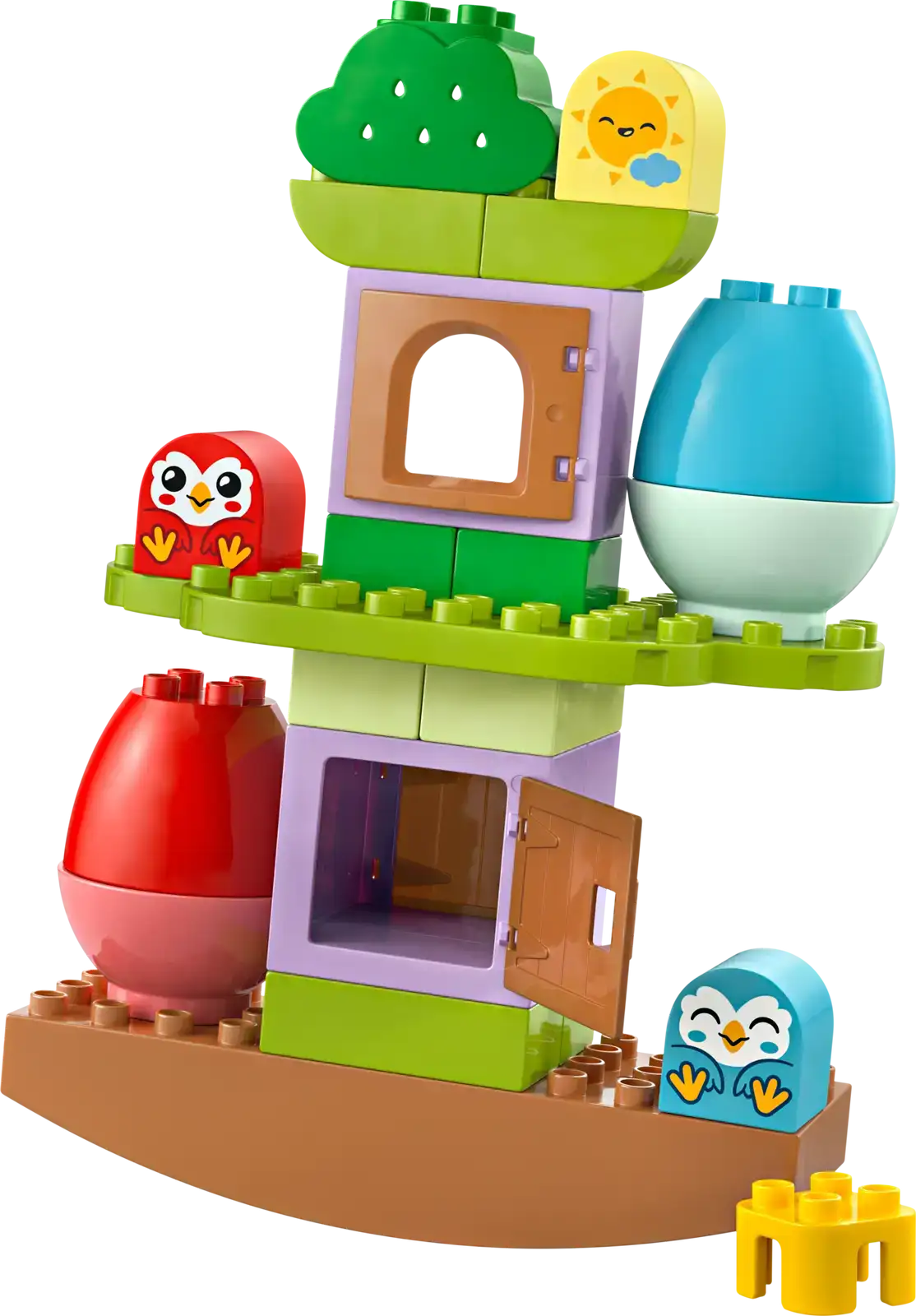 10440 - Balancing &amp; Stacking Tree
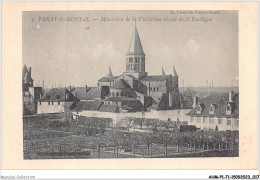 AHMP1-71-0009 - PARAY-LE-MONIAL - Monastère De La Visualisation Abside De La Basilique  - Paray Le Monial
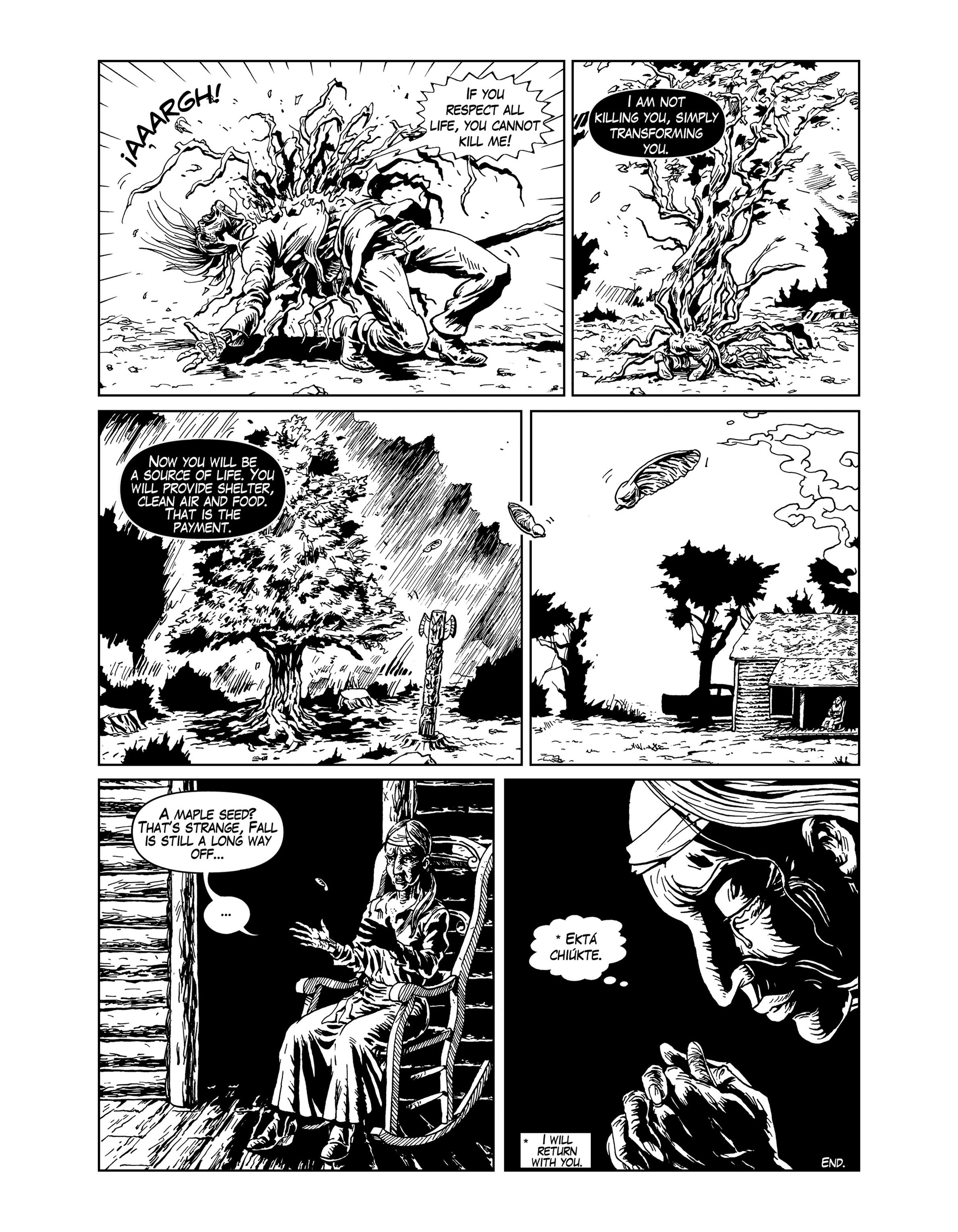 Read online Bloke's Terrible Tomb Of Terror comic -  Issue #12 - 40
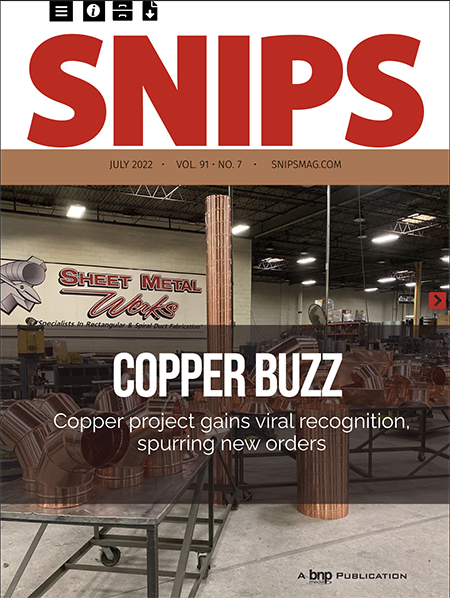 SNIPS NEWS July 2022 Cover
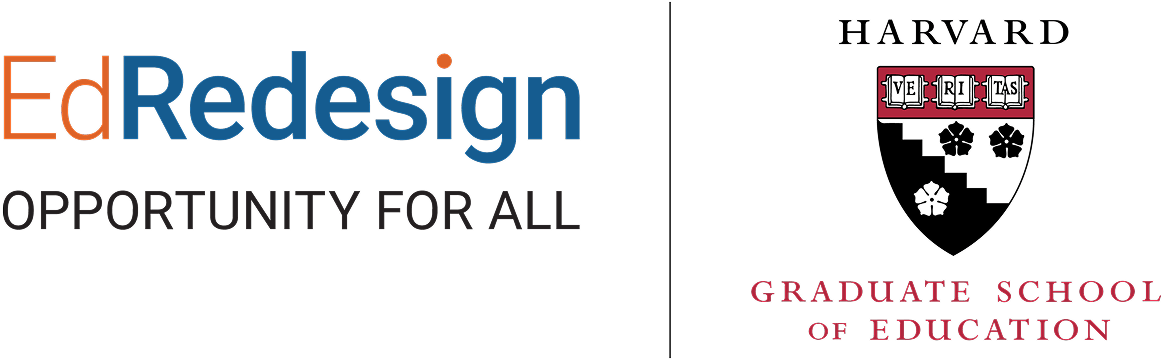 EdRedesign / Harvard Graduate School of Education logos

PROBLEM TO WORK ON:
Please transcribe the whole listing above exactly, with the images left out.

WRITTEN ANSWER:
 10440 - Balancing &amp; Stacking Tree
 AHMP1-71-0009 - PARAY-LE-MONIAL - Monastère De La Visualisation Abside De La Basilique  - Paray Le Monial
 Read online Bloke's Terrible Tomb Of Terror comic -  Issue #12 - 40
 SNIPS NEWS July 2022 Cover
 EdRedesign / Harvard Graduate School of Education logos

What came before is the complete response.